Nothing but the lines from the first line of the entries through the line with "Une partie de" should appear in the answer, transcribed exactly and free of pictures.

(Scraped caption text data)
================================

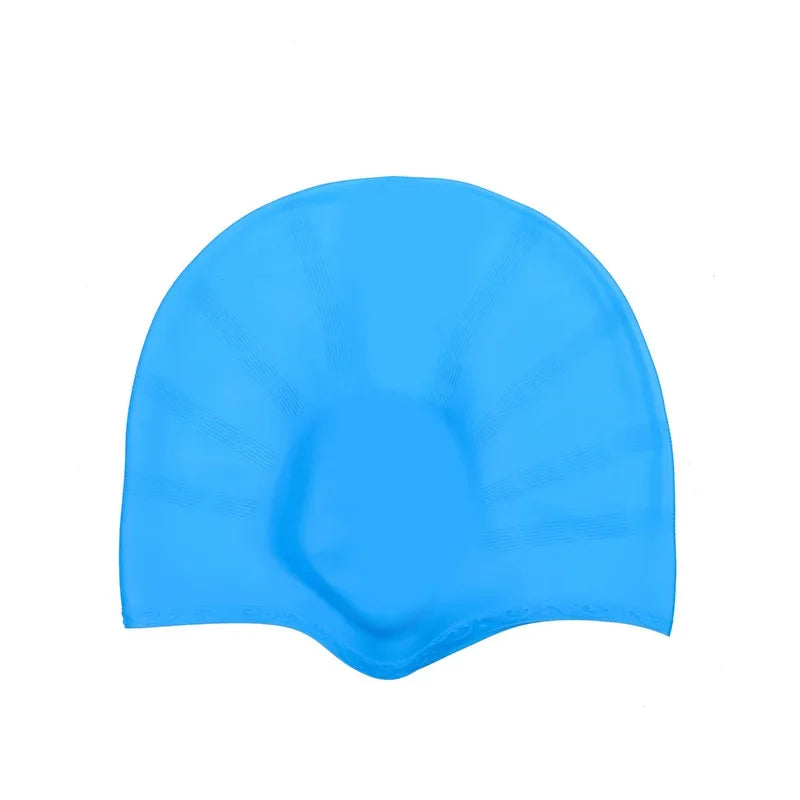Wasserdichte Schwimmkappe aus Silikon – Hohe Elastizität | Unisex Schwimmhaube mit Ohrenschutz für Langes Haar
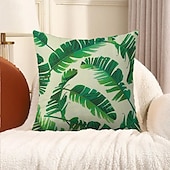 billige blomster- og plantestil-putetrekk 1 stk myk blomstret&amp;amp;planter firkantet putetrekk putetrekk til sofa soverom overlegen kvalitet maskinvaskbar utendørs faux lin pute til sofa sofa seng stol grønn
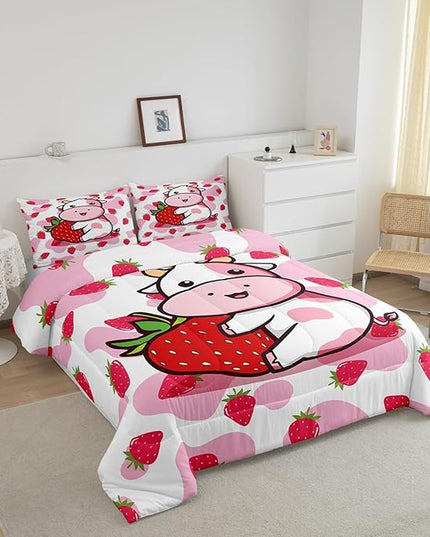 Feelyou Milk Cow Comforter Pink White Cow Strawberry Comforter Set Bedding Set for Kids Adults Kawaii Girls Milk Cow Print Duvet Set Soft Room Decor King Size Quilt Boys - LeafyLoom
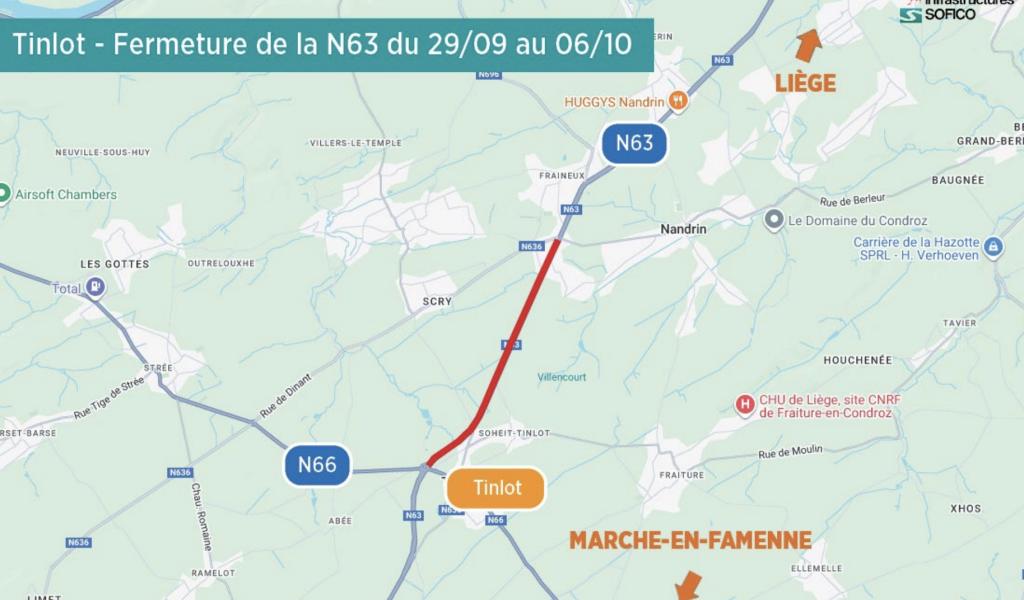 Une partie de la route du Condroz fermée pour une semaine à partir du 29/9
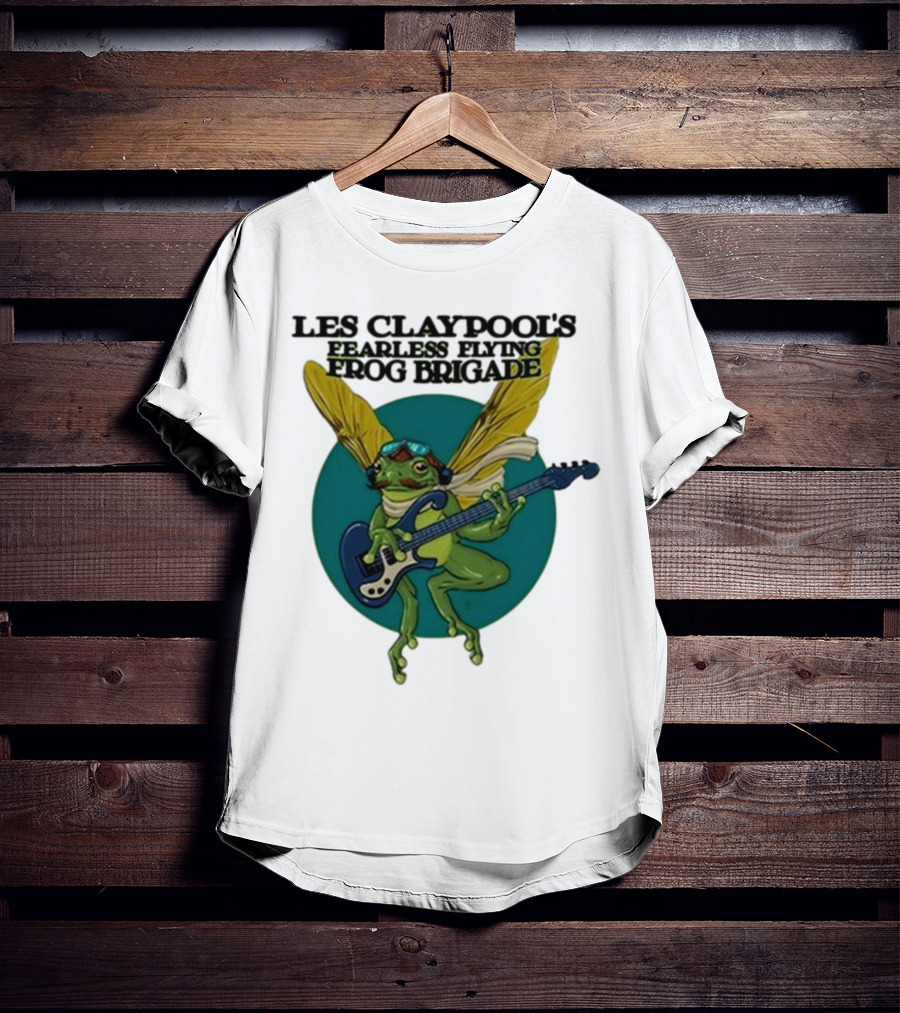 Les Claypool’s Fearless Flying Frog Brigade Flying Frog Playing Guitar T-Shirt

================================

## ANSWER FOR THE TASK
Wasserdichte Schwimmkappe aus Silikon – Hohe Elastizität | Unisex Schwimmhaube mit Ohrenschutz für Langes Haar
 billige blomster- og plantestil-putetrekk 1 stk myk blomstret&amp;amp;planter firkantet putetrekk putetrekk til sofa soverom overlegen kvalitet maskinvaskbar utendørs faux lin pute til sofa sofa seng stol grønn
 Feelyou Milk Cow Comforter Pink White Cow Strawberry Comforter Set Bedding Set for Kids Adults Kawaii Girls Milk Cow Print Duvet Set Soft Room Decor King Size Quilt Boys - LeafyLoom
 Une partie de la route du Condroz fermée pour une semaine à partir du 29/9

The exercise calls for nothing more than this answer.